CBC
Radio fired me after just one day of work.
It was Friday September 18, 1981.[i]
Not a good day. But at least I can say I worked at CBC at the same time as Max
Ferguson, and I can appreciate why, when Ferguson passed away at 89 in March
2013, he was eulogized as much for the length of his half century radio career
as its content.
It’s
not easy to keep up the creativity for that long, particularly amidst all the
irony and bureaucracy of an institution like the CBC. Part of the answer for Ferguson was,
ironically, to get fired. He shared the story of his firing, re-hiring under
contract, and pay increase along with other anecdotes in his 1968 Leacock Medal
memoir “And Now ... Here’s Max,”[ii]
a book written about the half way mark in that long career and life.
Ferguson
called it “a funny kind of autobiography,” and it is a bit different. He shares very little of his personal life in
it. But because he was well known and popular, book-buying CBC fans were
willing to shell out for his broadcast-industry war stories strung together in
sequence. In each, Ferguson describes his experience in terms of colorful
characters, practical jokes, and mishap induced by administration.
Some
of his stories are pretty funny. Others
are not so effective because cited personalities are no longer known and the
premise of CBC’s domination of electronic media is dated. But all draw on Ferguson’s friendly style.
The
book starts in 1946 with his first radio job (at the private station CFPL in
his hometown of London, Ontario). He was
earning $25 per week, $5 over the norm in recognition of his unusual
qualification of a university education.
CBC recruited him for its Halifax, Nova Scotia operations in December of
that year.
In
Halifax, he fell into the role of performer rather than announcer when he was
told to host a “cowboy” music show called After
Breakfast Breakdown. In a story now
well known as Canadian broadcasting lore, Ferguson tells us that he didn’t like
the music, was embarrassed, and decided to cloak himself on air in the persona
of "Old Rawhide," an elderly cowboy who ridiculed the music he was
playing. To Ferguson’s surprise, the
character was a hit. At one point, some
9,000 listeners in Atlantic Canada wrote in requesting photos of Old
Rawhide. Ferguson amused himself by
adding other characters to the show, which eventually moved to the CBC flagship
operations in Toronto where it accessed a national audience.
Through
the late 1940s and early 1950s, Ferguson, as Rawhide, anchored one of CBC
Radio’s most popular programs. Yet, as
his book reveals, he was not paid a cent for his Rawhide work during those
glory days. Formally, Ferguson was a regular CBC staff announcer paid only for
routine on-air duties. In a circumstance
many in government bureaucracies would recognize, CBC management said his job
classification would not allow for a raise or any incremental money for his
optional work on what was one of the network’s most popular programs. Ferguson decided to test the “optional”

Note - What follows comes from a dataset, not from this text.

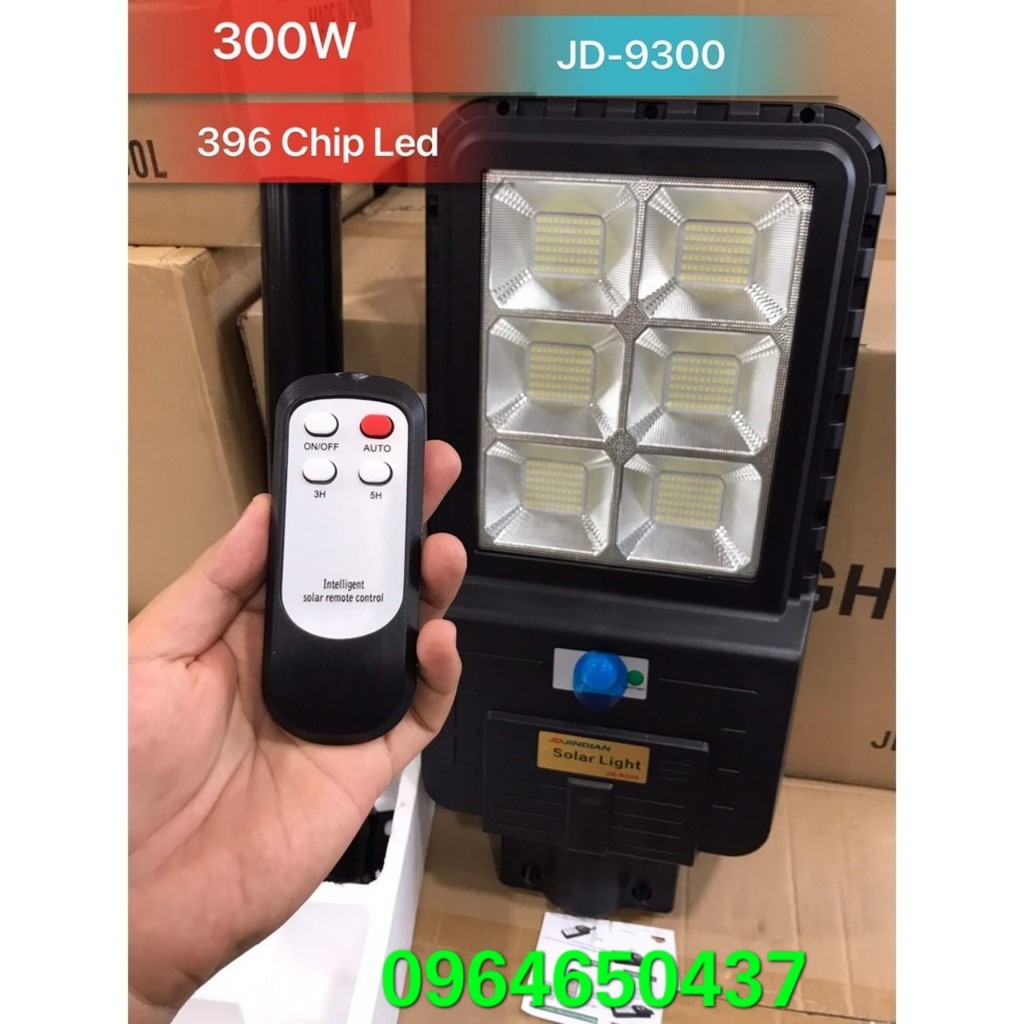 Đèn Năng Lượng Mặt Trời Jindian JD 300w,400w,500w. Đèn Đường Liền Thể. Sáng Mạnh, Sáng Nguyên Đêm (Hàng Chính Hãng)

nature of the arrangement by staying home.
With
his termination in the works, a CBC executive[iii]
suggested that he leave, become a private sector producer, and provide the
Rawhide show to the network as a contractor and non-CBC employee. Ferguson took the advice - and immediately
received a fee that was four (4) times his former CBC employee salary. The best part of the deal for Ferguson was
the freedom to move his family back to Nova Scotia and to mock his meal ticket.
By
the end of the book, Ferguson’s stature as a performer had reached the point
where he could drop the Rawhide character altogether and pursue a more flexible
style in The Max Ferguson Show. Over the following years, Ferguson produced
daily skits, parodies of literary classics, and satires of current events. He used his show to promote alternative
music, folk music, and what is now known as World Music. Very few cowboys.
He
was creative and often off the wall. In
one skit, he performed as two talking heads that had been grafted onto one body
to allow CBC to pay a single performing fee for two voices. This tells me he and his colleagues could
laugh about the bureaucracy around them.
And
this might be the main reason why he managed to do so well and to stick it out
for a lot longer than just one day.
Max Ferguson Trivia
[i]
By union rules, the corporation had to pay a salary when trying me out as a
researcher for the CBC Vancouver Noon Hour show. I know the date because of clippings on the
news story I screwed up.
[ii]
The title of the book was the standard introduction to his radio shows as
delivered by well known CBC announcer
Allan McFee.
[iii]
The Executive was Harry J. Boyle, a Leacock Medal winner himself.